Merci pour ton commentaire Elizabeth. Bien sûr, ta façon d’aider Sam est allée au-delà de la paperasse et d’un soutien administratif (ce qui est déjà énorme vu les complications auxquelles vous avez dû faire face). Comme je l’écris plus haut, j’ai été marqué par ton soutien et celui de Philippe (plus discret mais tout aussi présent) pour Sam. Ensemble vous avez transformé en positif ce qui aurait pu être un drame pour bien d’autres. Vous avez vécu des choses très difficiles mais il semble que ce qui vous soude ait été plus fort que tout, n’est-ce pas? C’est ce que je me suis dit à ton anniversaire, quand j’ai vu Sam se lever et prendre la parole devant tous tes amis pour te dire merci…
Le numéro de la carte d’identité française commence par un numéro de genre…
Lors de la transition de Sam ma façon d’agir pour lui a été de lui proposer de m’occuper de la paperasse administrative.
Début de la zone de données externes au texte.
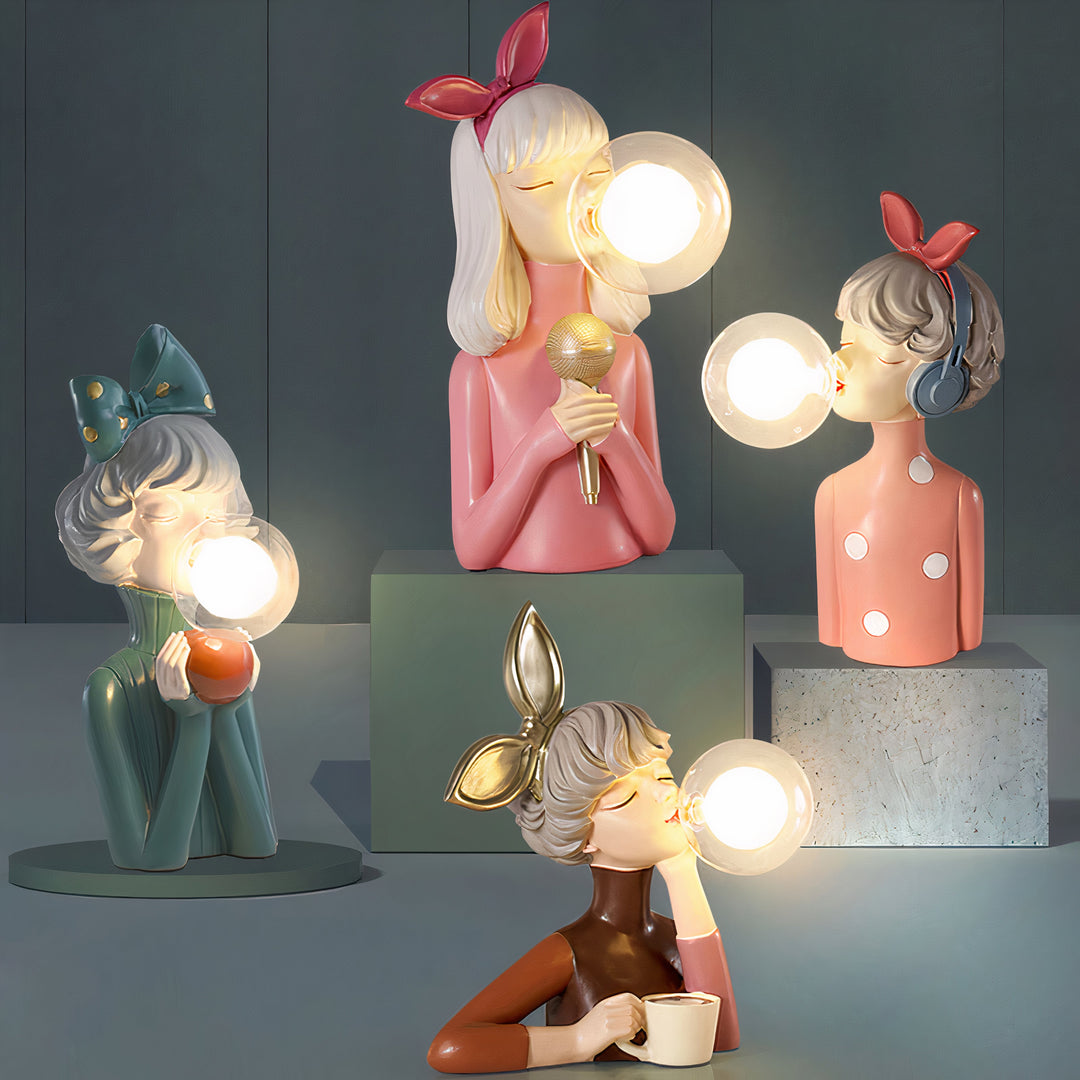 Lampe de Table Artisanale Design Unique 2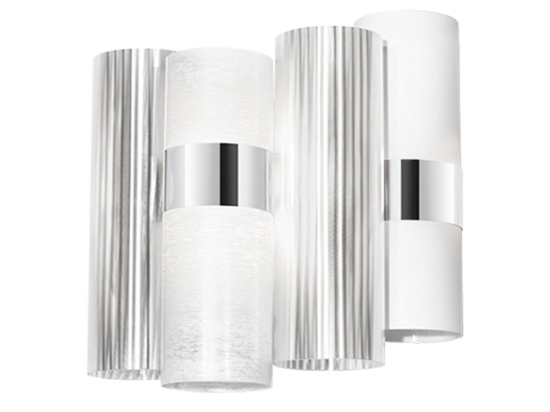 Φωτιστικό Τοίχου - Απλίκα La Lollo Applique 28x16x30 White Slamp
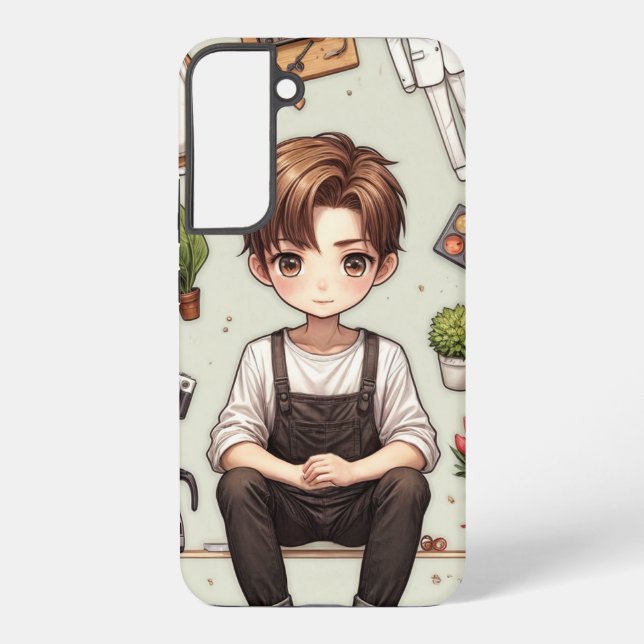 Der Mann und Frau ver.1 Samsung Galaxy S22+ Tough  Hülle (Rückseite)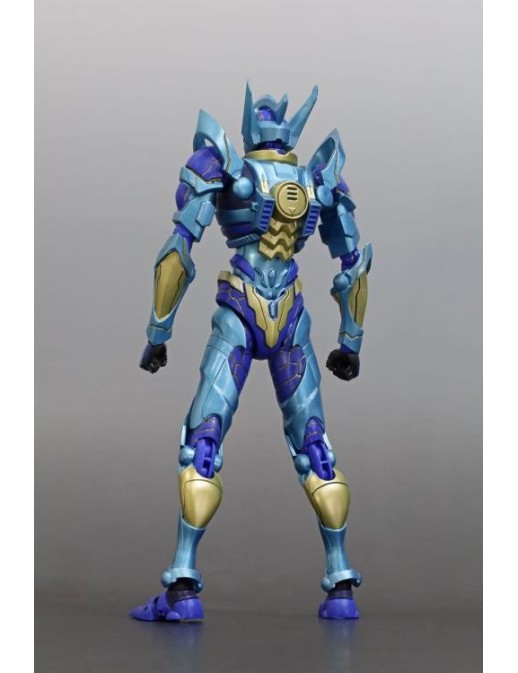 Evolution Toy Hero Action Figure SSSS.Dynazenon Gridknight Rising Blue Version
Proposition acceptée, j’ai procédé dans le tout électronique à ses inscriptions en fac etc. Après le jugement du Tribunal de Grande Instance l’inscription à la Sorbonne sous la nouvelle identité devait donner lieu à un nouveau numéro de sécu, provisoire puis définitif. Le numéro provisoire commençant par 2 (genre féminin) j’ai commencé à m’inquiéter. Puis la confirmation… Il m’a fallu 1 an, percer à coups de téléphone à La Mutuelle Des Etudiants la mécanique bien huilée de l’administration française pour atteindre le but: un n° de sécu commençant par 1. Merci aux personnes qui m’ont aidée.